[WHAT THE TASK ASKS]
A faithful, word-for-word copy of the records is required, and it must contain no pictures.

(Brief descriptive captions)
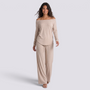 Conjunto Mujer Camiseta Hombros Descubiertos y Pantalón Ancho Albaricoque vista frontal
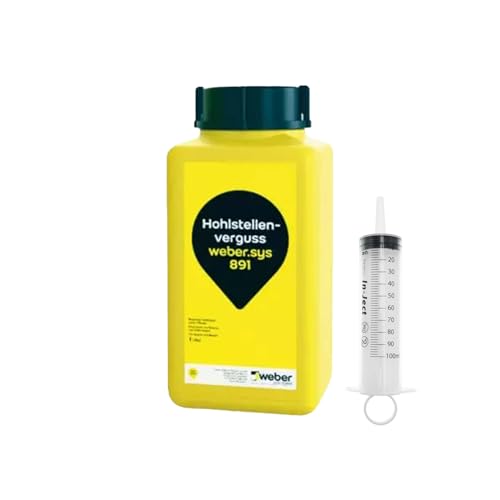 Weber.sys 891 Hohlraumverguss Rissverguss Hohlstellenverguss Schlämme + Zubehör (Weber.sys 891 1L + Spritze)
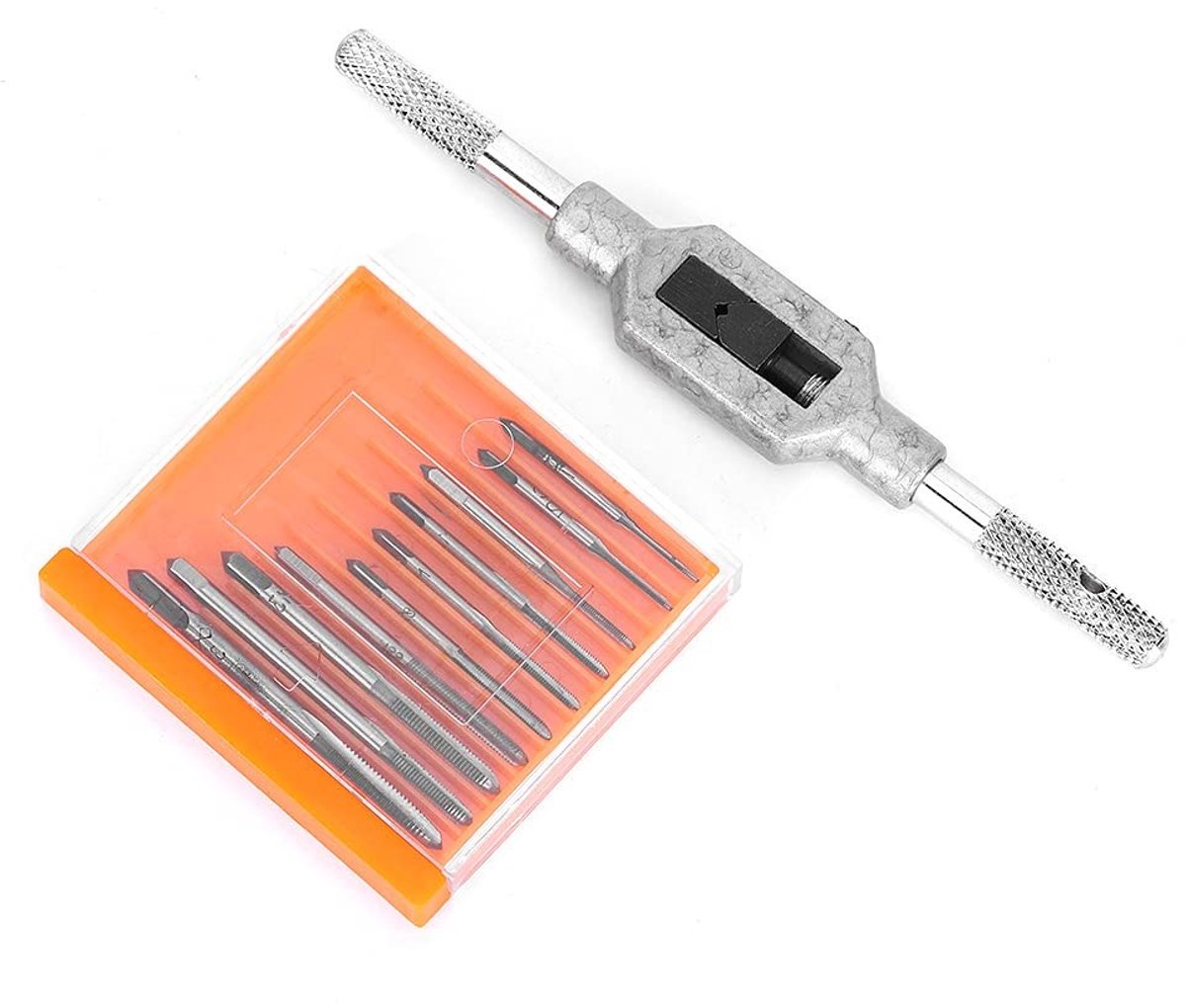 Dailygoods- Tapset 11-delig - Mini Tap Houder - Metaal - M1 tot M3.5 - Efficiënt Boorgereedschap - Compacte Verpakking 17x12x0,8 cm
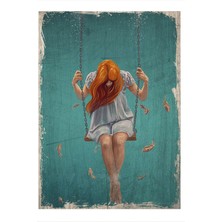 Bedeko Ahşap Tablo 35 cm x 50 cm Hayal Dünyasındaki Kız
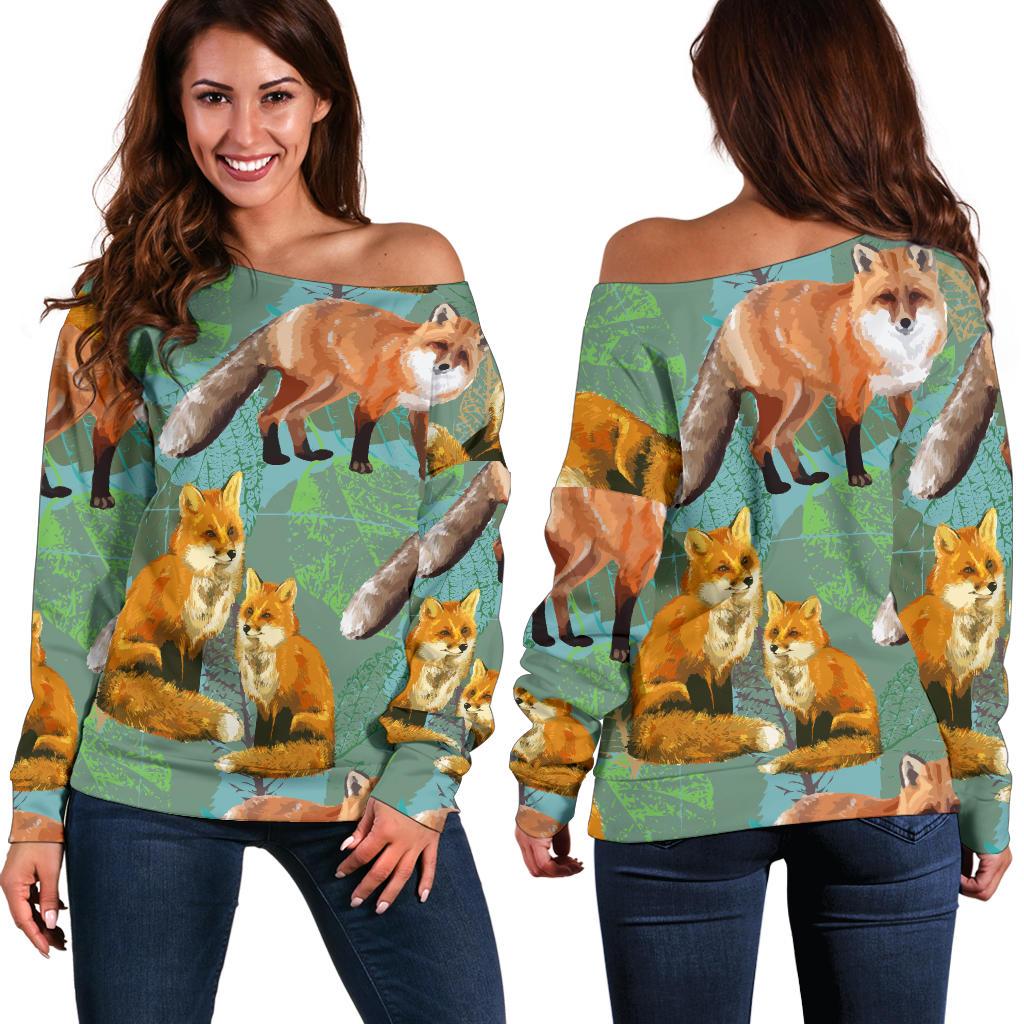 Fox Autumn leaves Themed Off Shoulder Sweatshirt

[TASK RESULT]
 Conjunto Mujer Camiseta Hombros Descubiertos y Pantalón Ancho Albaricoque vista frontal
 Weber.sys 891 Hohlraumverguss Rissverguss Hohlstellenverguss Schlämme + Zubehör (Weber.sys 891 1L + Spritze)
 Dailygoods- Tapset 11-delig - Mini Tap Houder - Metaal - M1 tot M3.5 - Efficiënt Boorgereedschap - Compacte Verpakking 17x12x0,8 cm
 Bedeko Ahşap Tablo 35 cm x 50 cm Hayal Dünyasındaki Kız
 Fox Autumn leaves Themed Off Shoulder Sweatshirt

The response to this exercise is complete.